Repeat the data exactly, so that every line matches the original.
= = = =
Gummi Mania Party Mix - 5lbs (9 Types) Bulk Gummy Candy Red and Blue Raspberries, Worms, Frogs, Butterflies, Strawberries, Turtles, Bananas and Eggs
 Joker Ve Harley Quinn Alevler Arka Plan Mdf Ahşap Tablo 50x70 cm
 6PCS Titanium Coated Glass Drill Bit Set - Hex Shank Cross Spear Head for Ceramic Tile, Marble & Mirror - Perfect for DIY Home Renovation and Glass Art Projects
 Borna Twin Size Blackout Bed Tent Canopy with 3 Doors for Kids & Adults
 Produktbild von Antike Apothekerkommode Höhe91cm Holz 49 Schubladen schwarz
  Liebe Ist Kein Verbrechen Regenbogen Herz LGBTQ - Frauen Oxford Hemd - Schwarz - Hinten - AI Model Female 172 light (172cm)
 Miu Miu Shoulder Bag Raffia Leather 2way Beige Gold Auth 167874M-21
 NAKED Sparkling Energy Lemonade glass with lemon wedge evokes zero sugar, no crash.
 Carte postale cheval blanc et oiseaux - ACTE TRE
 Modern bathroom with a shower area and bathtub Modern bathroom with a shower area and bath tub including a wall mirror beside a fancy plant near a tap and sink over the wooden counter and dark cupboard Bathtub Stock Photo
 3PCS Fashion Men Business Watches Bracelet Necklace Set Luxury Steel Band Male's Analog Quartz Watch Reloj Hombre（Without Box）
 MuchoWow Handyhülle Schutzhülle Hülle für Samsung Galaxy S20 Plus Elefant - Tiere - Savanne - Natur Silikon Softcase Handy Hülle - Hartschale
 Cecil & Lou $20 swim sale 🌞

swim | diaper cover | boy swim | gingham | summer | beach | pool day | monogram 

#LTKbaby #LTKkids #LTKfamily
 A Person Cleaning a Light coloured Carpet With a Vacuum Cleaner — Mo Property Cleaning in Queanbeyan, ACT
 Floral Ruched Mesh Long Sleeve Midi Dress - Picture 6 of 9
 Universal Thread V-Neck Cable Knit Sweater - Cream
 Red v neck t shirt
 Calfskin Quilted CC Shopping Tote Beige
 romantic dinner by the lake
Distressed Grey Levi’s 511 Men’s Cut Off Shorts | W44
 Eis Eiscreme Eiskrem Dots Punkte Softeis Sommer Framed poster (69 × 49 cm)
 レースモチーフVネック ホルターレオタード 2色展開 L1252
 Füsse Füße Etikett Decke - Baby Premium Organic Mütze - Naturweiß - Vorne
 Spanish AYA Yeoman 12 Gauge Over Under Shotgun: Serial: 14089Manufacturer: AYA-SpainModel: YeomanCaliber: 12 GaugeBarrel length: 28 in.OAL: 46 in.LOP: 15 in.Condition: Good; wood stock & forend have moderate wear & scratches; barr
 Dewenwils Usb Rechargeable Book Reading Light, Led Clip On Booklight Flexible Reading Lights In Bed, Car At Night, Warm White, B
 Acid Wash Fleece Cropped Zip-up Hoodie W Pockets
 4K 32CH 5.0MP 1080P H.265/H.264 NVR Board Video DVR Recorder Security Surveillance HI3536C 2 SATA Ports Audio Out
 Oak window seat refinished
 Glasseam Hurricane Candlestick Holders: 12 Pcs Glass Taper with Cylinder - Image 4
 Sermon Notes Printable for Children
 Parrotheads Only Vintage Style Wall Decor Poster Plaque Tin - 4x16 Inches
= = = =
Exercise output >>
Gummi Mania Party Mix - 5lbs (9 Types) Bulk Gummy Candy Red and Blue Raspberries, Worms, Frogs, Butterflies, Strawberries, Turtles, Bananas and Eggs
 Joker Ve Harley Quinn Alevler Arka Plan Mdf Ahşap Tablo 50x70 cm
 6PCS Titanium Coated Glass Drill Bit Set - Hex Shank Cross Spear Head for Ceramic Tile, Marble & Mirror - Perfect for DIY Home Renovation and Glass Art Projects
 Borna Twin Size Blackout Bed Tent Canopy with 3 Doors for Kids & Adults
 Produktbild von Antike Apothekerkommode Höhe91cm Holz 49 Schubladen schwarz
  Liebe Ist Kein Verbrechen Regenbogen Herz LGBTQ - Frauen Oxford Hemd - Schwarz - Hinten - AI Model Female 172 light (172cm)
 Miu Miu Shoulder Bag Raffia Leather 2way Beige Gold Auth 167874M-21
 NAKED Sparkling Energy Lemonade glass with lemon wedge evokes zero sugar, no crash.
 Carte postale cheval blanc et oiseaux - ACTE TRE
 Modern bathroom with a shower area and bathtub Modern bathroom with a shower area and bath tub including a wall mirror beside a fancy plant near a tap and sink over the wooden counter and dark cupboard Bathtub Stock Photo
 3PCS Fashion Men Business Watches Bracelet Necklace Set Luxury Steel Band Male's Analog Quartz Watch Reloj Hombre（Without Box）
 MuchoWow Handyhülle Schutzhülle Hülle für Samsung Galaxy S20 Plus Elefant - Tiere - Savanne - Natur Silikon Softcase Handy Hülle - Hartschale
 Cecil & Lou $20 swim sale 🌞

swim | diaper cover | boy swim | gingham | summer | beach | pool day | monogram 

#LTKbaby #LTKkids #LTKfamily
 A Person Cleaning a Light coloured Carpet With a Vacuum Cleaner — Mo Property Cleaning in Queanbeyan, ACT
 Floral Ruched Mesh Long Sleeve Midi Dress - Picture 6 of 9
 Universal Thread V-Neck Cable Knit Sweater - Cream
 Red v neck t shirt
 Calfskin Quilted CC Shopping Tote Beige
 romantic dinner by the lake
Distressed Grey Levi’s 511 Men’s Cut Off Shorts | W44
 Eis Eiscreme Eiskrem Dots Punkte Softeis Sommer Framed poster (69 × 49 cm)
 レースモチーフVネック ホルターレオタード 2色展開 L1252
 Füsse Füße Etikett Decke - Baby Premium Organic Mütze - Naturweiß - Vorne
 Spanish AYA Yeoman 12 Gauge Over Under Shotgun: Serial: 14089Manufacturer: AYA-SpainModel: YeomanCaliber: 12 GaugeBarrel length: 28 in.OAL: 46 in.LOP: 15 in.Condition: Good; wood stock & forend have moderate wear & scratches; barr
 Dewenwils Usb Rechargeable Book Reading Light, Led Clip On Booklight Flexible Reading Lights In Bed, Car At Night, Warm White, B
 Acid Wash Fleece Cropped Zip-up Hoodie W Pockets
 4K 32CH 5.0MP 1080P H.265/H.264 NVR Board Video DVR Recorder Security Surveillance HI3536C 2 SATA Ports Audio Out
 Oak window seat refinished
 Glasseam Hurricane Candlestick Holders: 12 Pcs Glass Taper with Cylinder - Image 4
 Sermon Notes Printable for Children
 Parrotheads Only Vintage Style Wall Decor Poster Plaque Tin - 4x16 Inches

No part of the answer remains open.